Dans votre éditorial sur l’assemblée climatique britannique (The Guardian point de vue sur l’acclimatation de la démocratie: délibération, pas confusion, 11 septembre), vous avez dit que Extinction Rebellion avait rejeté les recommandations de l’assemblée.

Ce n’est pas le cas. Cette assemblée de citoyens est un pas dans la bonne direction. Il a montré que lorsqu'un échantillon représentatif du public britannique est informé de la crise climatique et écologique, il souhaite voir des changements de grande ampleur dans la politique gouvernementale. Ayant suivi ce processus, les membres de l’Assemblée ont, dans leur rapport, appelé à davantage d’informations et d’éducation pour tous, y compris les politiciens. Les médias ont ici un rôle clé à jouer.
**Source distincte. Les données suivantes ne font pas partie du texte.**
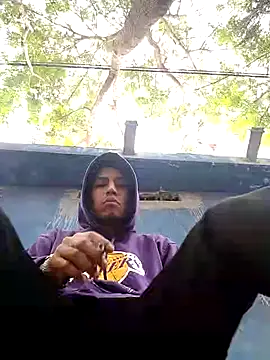 AlexAlejandro13 online show from 01-01-25, 10:03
Ce que nous critiquons, c'est la portée limitée donnée à l'assemblée. L’objectif de zéro émission nette kamikaze 2050 du gouvernement a clairement affecté l’ambition des résultats finaux de l’assemblée. Mais cela ne les invalide pas selon leurs propres conditions. Nous exhortons tout le monde à lire le rapport de l’assemblée, en particulier le gouvernement. Lorsque les politiciens demandent au public de faire leurs devoirs à leur place, ils doivent agir sur les résultats.
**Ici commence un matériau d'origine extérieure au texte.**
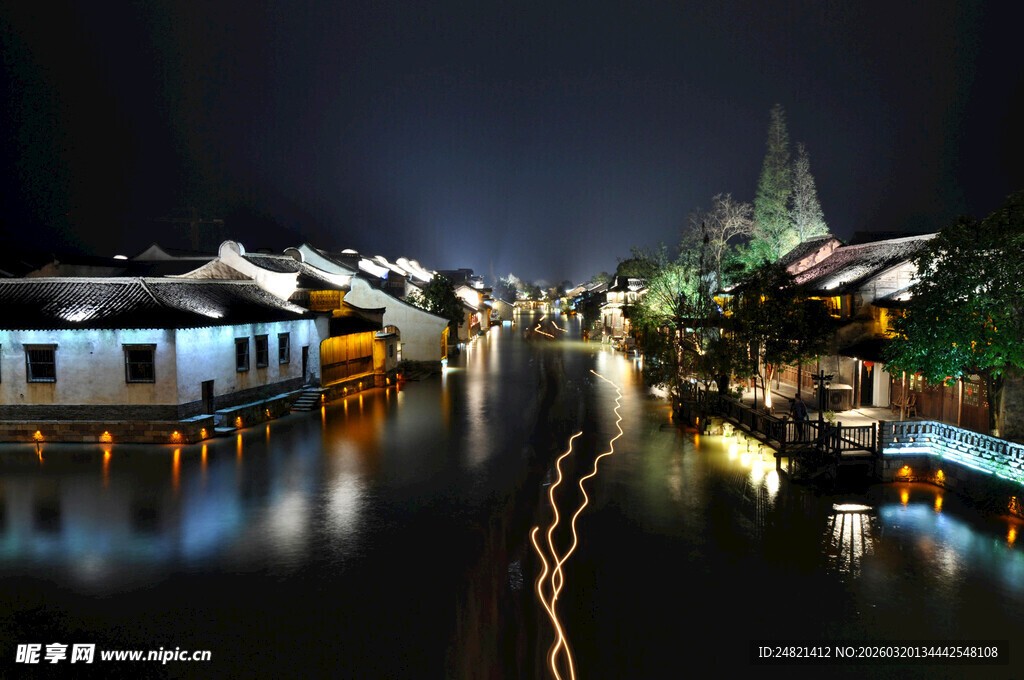 水乡夜景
Nous avons maintenant besoin d’une assemblée de citoyens plus ambitieuse et plus large, comme celle proposée dans le projet de loi d’urgence climatique et écologique actuel. La plupart des membres de l'Assemblée du climat sont d'accord. Pour faire face à l'urgence, nous devons placer l'éducation, et non l'ego, au cœur de notre prise de décision politique.
Alex Bradbury
Rébellion d'extinction

George Monbiot écrit avec éloquence sur les dangers de la domination de l'exécutif, affirmant que nous avons une «parodie de la démocratie» au Royaume-Uni (Extinction Rebellion montre à la Grande-Bretagne à quoi pourrait ressembler une vraie démocratie, 16 septembre).

Cependant, il néglige l'exemple actuel le plus évident de ce modèle. La loi sur le coronavirus donne au gouvernement des pouvoirs exécutifs étendus qui sont sans précédent dans les temps modernes. De nouvelles restrictions, comme la «règle de six», peuvent être imposées sur un coup de tête, sans aucune discussion ou débat au parlement, et certainement sans aucune exigence de vote des députés.

Bizarrement, les seules personnes à remettre en question cet état de fait ont été une poignée de députés conservateurs et de commentateurs de droite. De la gauche, il semble y avoir eu un silence total. Le parti travailliste est dans la position extraordinaire de se plaindre de la gestion de la pandémie par le gouvernement, tout en étant apparemment heureux de donner au gouvernement un laissez-passer gratuit pour changer la loi comme il lui convient.

Quel est l'intérêt du parlement s'il ne peut pas discuter et voter sur les mesures mises en œuvre par le gouvernement? Quel est l'intérêt du parti travailliste s'il semble satisfait de donner à Boris Johnson un chèque en blanc pour changer la loi comme il l'entend?
John Bourn
Gateshead, Tyne et Wear

J'ai été surpris de lire l'affirmation de George Monbiot selon laquelle «nulle part la politique participative n'a encore été autorisée à tenir sa promesse». En Suisse, toute personne ou organisation, en recueillant un nombre suffisant de signatures, peut exiger du gouvernement qu'il organise un référendum sur n'importe quel sujet (qui doit être correctement défini juridiquement et constitutionnel). Ce droit s'étend même au fait de permettre au peuple d'annuler des lois préalablement approuvées par le Parlement.